Esta experiência de Paulo é a imagem daquilo que muitas vezes acontece também em nossos dias. Quem dentre nós não fica sentido ao ver alguns membros da própria família, ou amigos muito queridos, ou a namorada, ou o próprio marido que não querem nada com Cristo, com a Igreja, com a vida cristã?

 

Evangelho (Mt 14,22-33)

Convém dizê-lo logo de início: não é um fato histórico. Ou será que Jesus é um bruxo ou um mágico que tem comportamentos estranhos para assustar, impressionar, para deixar a todos de boca aberta?

Se tomarmos este trecho como um simples fato de crônica, encontramos alguns detalhes de difícil explicação. Porque Jesus manda os discípulos partirem sozinhos? Para onde devem ir? Porque não vai junto com eles de barco e os segue depois, durante a noite, de uma forma bastante estranha? Porque os discípulos demoram tantas horas para atravessar o lago? (Parece que não foi o mau tempo, pois Jesus sobe à montanha e ali permanece até a noite). E mais: é muito estranha a pretensão de Pedro andar sobre as águas. Quando começa a afundar porque tem medo, não sabe acaso nadar (era um pescador profissional)?

É um relato simbólico. O mar, segundo a maneira de pensar dos antigos, era o lugar onde estavam as forças do mal, os demônios, os monstros inimigos do homem. Somente Deus tinha conseguido dominá-lo. Durante a criação, ele tinha estabelecido um limite para as águas que elas não deveriam jamais ultrapassar (Sl 103, 5-9). Deus era o único que tinha poderes para acalmar a sua violência (Sl106,25-30), e o que mais nos interessa para a leitura de hoje, era também aquele que caminhava sobre as águas do mar ( 9,8). A barca de Pedro é a comunidade cristã agitada pelas ondas das perseguições dos pagãos, quer pelas divisões, quer pelos contrastes surgidos internamente.

Foi depois da páscoa que os discípulos se deram conta da verdadeira identidade de Jesus, quando ele já não estava com eles no barco e deviam enfrentar sozinhos as dificuldades da vida. É depois da ressurreição, quando “eles pensam que ele seja um fantasma”.(cf.Lc 24,37) que se dão conta, ao contrário, que em verdade ele nunca os abandonou. Está sempre com eles (cf.Mt 28,20). Só que não é mais uma presença física.

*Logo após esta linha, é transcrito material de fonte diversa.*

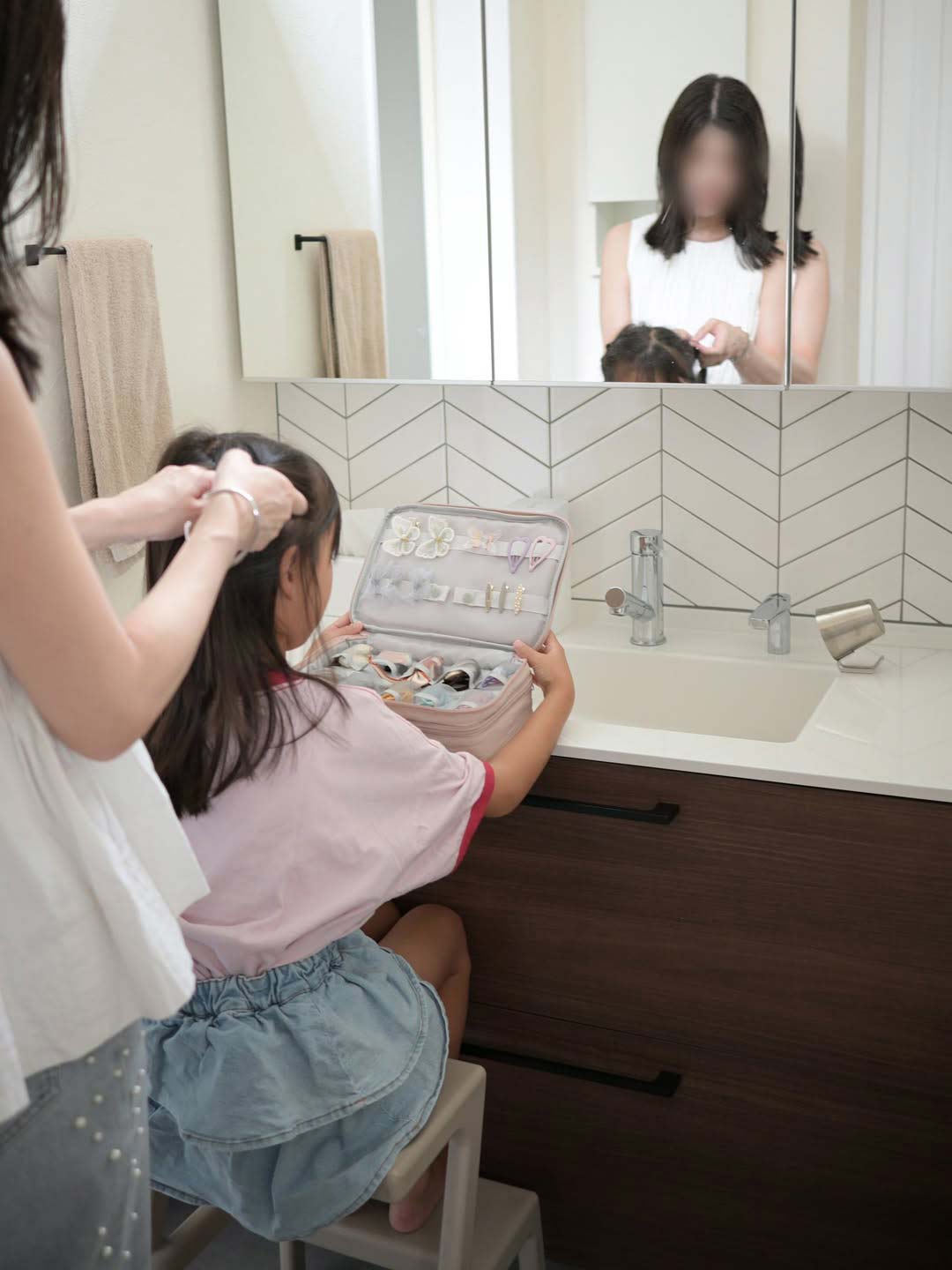 すっきり収納＆毎朝ワクワク！宝石箱みたいな「ヘアアクセ収納」のある暮らし【インスタグラマーさんのもの選び】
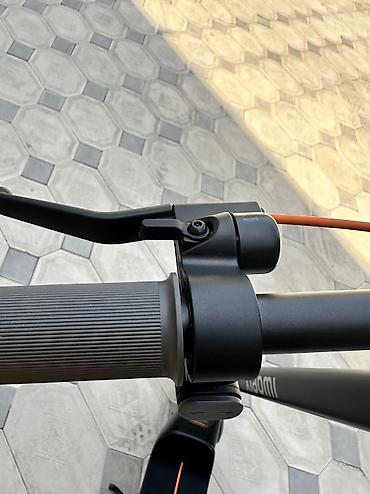 3391 km: Yeni Elektrik samokat 8", > 1000 Vt, 16 - 25 km/s, Ünvandan götürmə — 4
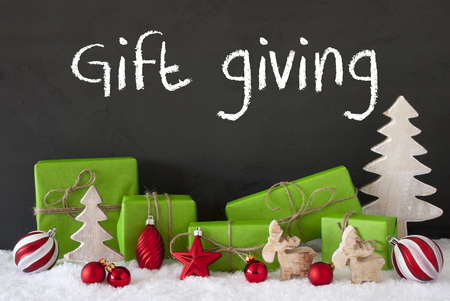 メリー クリスマスの英語のテキスト グリーン ギフトやクリスマス ツリー ムースまたは赤のクリスマス ツリーのボールのような装飾をプレゼント 雪を背景として黒セメント壁 の写真素材 画像素材 Image メリー クリスマスの英語のテキスト グリーン ギフトやクリスマス ツリー ムースまたは赤のクリスマス ツリーのボールのような装飾をプレゼント 雪を背景として黒セメント壁 の写真素材 画像素材 Image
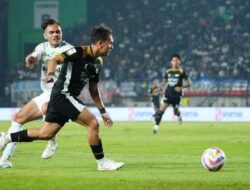 Hodak Akui Kegagalan Persib, Strategi Butuh Perbaikan Drastis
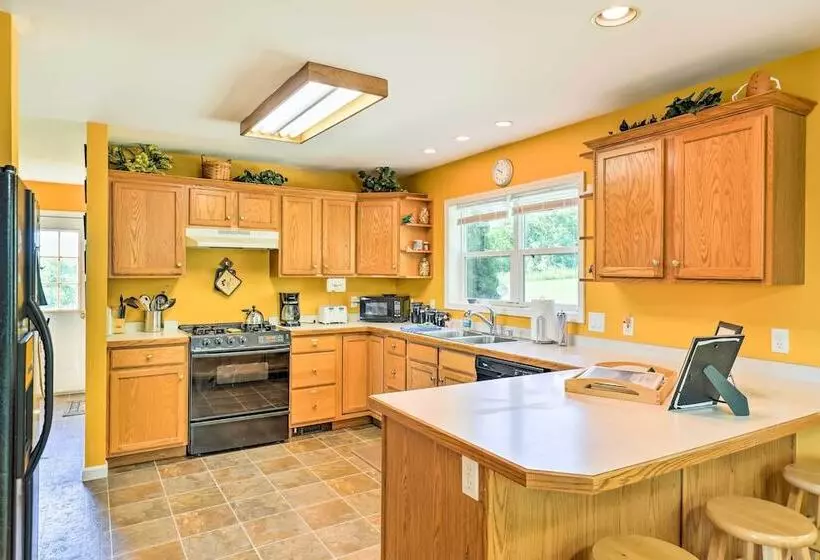 Lovely Finger Lakes Retreat W/ Deck & Lake Views!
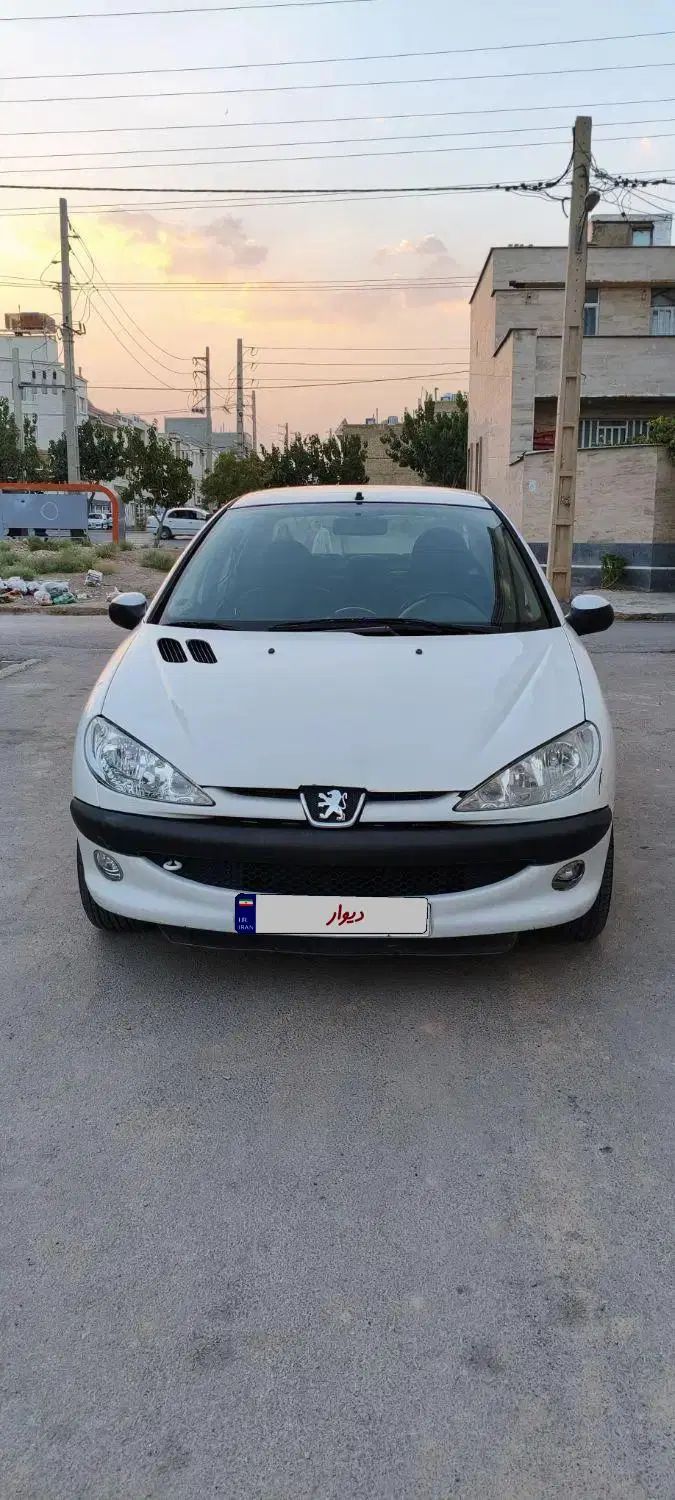 پژو ۲۰۶ صندوق دار v8 - 1394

Se Jesus caminha sobre as ondas é para dizer que ele é Deus: é uma profissão de fé: “Tu és verdadeiramente o Filho de Deus”. É esta a mensagem que Mateus quer passar com este relato.

A segunda parte do Evangelho (vv.28-33) registra o diálogo entre Jesus e Pedro. Começa com um pedido do apóstolo: “Senhor, se és tu, manda que eu chegue até onde estás sobre as águas” (v.28). O pedido é estranho, mas somente para quem o interpreta em sentido literal. Mas se for interpretado nos contextos simbólicos de toda a narrativa, então o sentido se torna claro. Pedro, o primeiro entre os discípulos, sente-se fraco e frágil diante da difícil missão que o espera. As forças do mal são violentas e o assustam, quem lhe dará as forças necessárias para enfrentá-las? Como poderá o barco da comunidade dos discípulos evitar de ser submerso pelos poderes deste mundo?

Eis a resposta que Mateus dá às suas comunidades, perturbadas pelas perseguições externas e pelas dissensões internas: Jesus comunicou a Pedro o seu poder divino e este poder continua presente na Igreja.

Em nossos dias, diante das forças do mal que, quer dentro da Igreja, quer fora (injustiças, corrupção, violências abusos de poder...) os seguidores de Cristo podem sentir-se extraviados. Mas não há motivo para ter medo. Eles sabem que a seu lado está o Ressuscitado, que nos momentos difíceis lhes estende a mão e lhes comunica a sua força.

Resumindo: este texto é uma catequese. Para chamar a atenção de seus leitores, Mateus monta uma cena fantástica com Jesus (Ressuscitado) “caminhando” sobre as águas, e Pedro numa pretensão estranha, (até um tanto grotesca), de querer caminhar sobre as águas. A cena cria um suspense para chegar à mensagem que é o objetivo desta catequese: os discípulos, e nós com eles, ajoelhados e dizendo: “Tu és realmente o Filho de Deus”.

Diante das dificuldades enfrentadas pelas comunidades de ontem e de hoje, saibam os discípulos que Jesus está presente, sim, para dar força e coragem, pois ele garantiu: “Eis que estou convosco todos os dias até o fim do mundo (Mt 28,20).